▸ **WORK ITEM**
Output, word for word, the span of lines that starts at the one containing "New 2026 Spring/Summer" and ends at the last line of the records.

[Stored dataset items]
+===+

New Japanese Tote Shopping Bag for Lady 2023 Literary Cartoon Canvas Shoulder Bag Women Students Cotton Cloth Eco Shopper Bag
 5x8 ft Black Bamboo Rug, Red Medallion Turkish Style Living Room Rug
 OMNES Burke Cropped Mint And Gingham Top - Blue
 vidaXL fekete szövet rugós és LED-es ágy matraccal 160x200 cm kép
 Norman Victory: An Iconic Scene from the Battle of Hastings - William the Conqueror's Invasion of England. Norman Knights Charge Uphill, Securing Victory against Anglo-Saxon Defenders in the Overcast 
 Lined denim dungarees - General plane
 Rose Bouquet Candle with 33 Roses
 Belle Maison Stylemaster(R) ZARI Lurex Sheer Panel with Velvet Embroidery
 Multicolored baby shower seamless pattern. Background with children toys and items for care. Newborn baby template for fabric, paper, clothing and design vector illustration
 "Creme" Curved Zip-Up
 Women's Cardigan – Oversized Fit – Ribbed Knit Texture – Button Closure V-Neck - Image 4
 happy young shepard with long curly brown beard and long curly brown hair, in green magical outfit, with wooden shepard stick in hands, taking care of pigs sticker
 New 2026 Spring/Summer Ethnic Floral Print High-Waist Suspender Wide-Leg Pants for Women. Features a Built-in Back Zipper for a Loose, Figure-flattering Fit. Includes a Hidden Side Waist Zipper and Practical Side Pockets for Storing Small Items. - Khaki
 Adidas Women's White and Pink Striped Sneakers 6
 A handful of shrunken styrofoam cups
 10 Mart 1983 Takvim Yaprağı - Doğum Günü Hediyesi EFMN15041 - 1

+===+

▸ **WRITTEN ANSWER**
 New 2026 Spring/Summer Ethnic Floral Print High-Waist Suspender Wide-Leg Pants for Women. Features a Built-in Back Zipper for a Loose, Figure-flattering Fit. Includes a Hidden Side Waist Zipper and Practical Side Pockets for Storing Small Items. - Khaki
 Adidas Women's White and Pink Striped Sneakers 6
 A handful of shrunken styrofoam cups
 10 Mart 1983 Takvim Yaprağı - Doğum Günü Hediyesi EFMN15041 - 1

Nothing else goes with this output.